Un article de Libre Afrique

Du 12 au 14 juin 2018, le Burkina Faso a organisé une conférence des forces vives de la nation avec pour sujet central la rationalisation du système de rémunération des agents publics de l’État. La masse salariale du pays enfle et inquiète le gouvernement et ses partenaires qui ambitionnent de la contrôler et par suite, la réduire. Comment réussir un tel exploit dans un pays où les revendications salariales sont omniprésentes ?

Commencer par la chasse à la gabegie

La problématique de la masse salariale est très sensible au Burkina Faso. Pourtant, les précédents gouvernements n’ont pas pu poser les jalons pour la solutionner. La masse salariale publique du pays est passée de 35,8 % des recettes publiques en 2013 à 53% en 2017, selon le Fonds Monétaire International (FMI).

Une situation en déphasage avec les critères communautaires de l’UEOMA qui recommande un ratio de 35% des recettes publiques pour la masse salariale au sein de l’administration. Des 620 milliards Francs CFA actuels, il est prévu que cette masse salariale passe à environ 1000 milliards en 2020, creusant avec elle le déficit budgétaire, déjà à 8% du PIB.

Pour inverser cette tendance, des mesures drastiques et brusques engendreraient plus de tensions. Il faudrait commencer d’abord par relancer des audits pour débusquer les fonctionnaires fictifs qui émargent au budget de l’État et l’alourdissent frauduleusement.

En 2012, 6250 cas de fonctionnaires suspects avaient été découverts. En 2015, 1213 cas représentant environ 2,7 milliards ont été recensés. Cette persistance de la fraude justifie largement que le gouvernement fasse de nouveaux audits. Mais il apparaît tout aussi urgent de débusquer les fonctionnaires certes réels mais qui perçoivent des rémunérations irrégulières, que ce soient des primes indues ou des salaires ne correspondant pas à leur statut actuel. L’efficacité de ces mesures nécessite que l’on mette fin au recrutement gré à gré de prestataires. Toutefois ces mesures d’urgence ne sont bénéfiques qu’à court terme. Il faut donc envisager des mesures structurelles pour juguler durablement le phénomène.
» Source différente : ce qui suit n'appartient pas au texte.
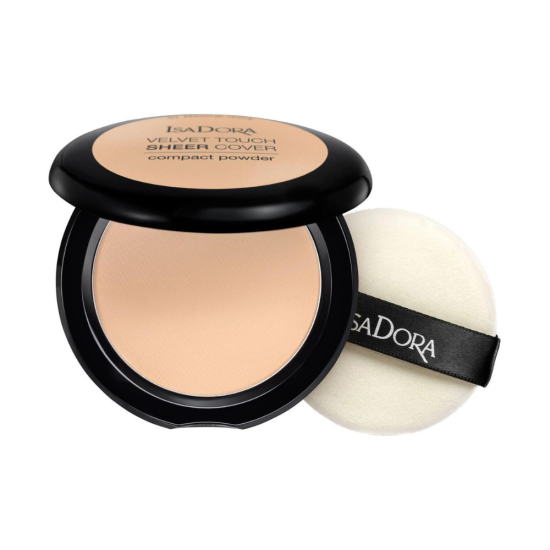 IsaDora Velvet Touch Sheer Compact Powder puuder 10g
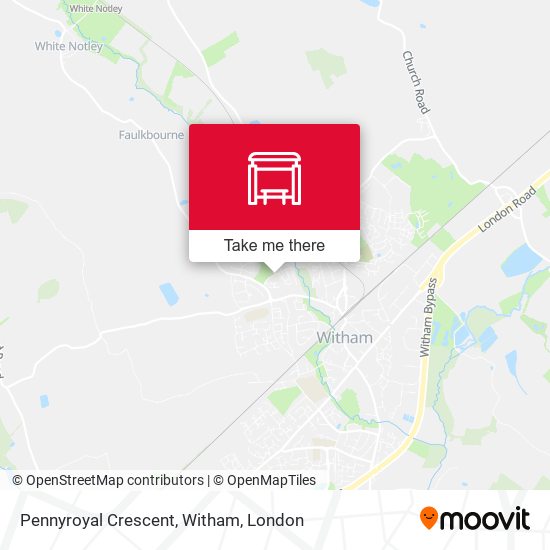 Pennyroyal Crescent, Witham map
Instaurer la culture du résultat

Rationaliser le système de rémunération dans la fonction publique est une initiative salutaire. Cependant, une approche durable et efficace consisterait pour le gouvernement à attaquer la racine du mal. Pour ce faire, il pourrait rationaliser le fonctionnement de l’administration publique en termes d’emploi des compétences en instaurant une nouvelle dynamique de travail et de rémunération basée sur la performance.

La croissance de l’emploi public s’est établie en moyenne à 7% ces dernières années selon le FMI, ce qui est déjà beaucoup. Les autorités pourraient, entre autres, instituer la catégorie d’agents contractuels de l’État dans les corps qui n’en disposent pas encore pour lier le recrutement aux besoins réels. Il serait en outre bénéfique de ralentir le rythme des recrutements et d’instaurer une politique d’intéressement afin de hausser le rendement des quelques 170 000 fonctionnaires.

En effet, de meilleures performances de la fonction publique pourraient hausser la productivité, ce qui réduirait le besoin pour procéder à de nouveaux recrutements, et alléger ainsi la masse salariale. Selon le FMI, l’instauration de la culture du résultat aux Philippines en 2012 a permis à la fois d’économiser sur la masse salariale et d’accroître l’efficacité de l’administration publique.

Il s’agit de prendre en compte les performances individuelles pour une partie des primes et les performances collectives pour l’autre partie. Ceci devrait être accompagné par l’amélioration des conditions de travail et l’informatisation d’une partie des procédures afin de rendre possibles les performances escomptées. Enfin, l’instauration des promotions par méritocratie et des rémunérations liées au poste et non à la carrière est impérative pour une plus grande efficacité.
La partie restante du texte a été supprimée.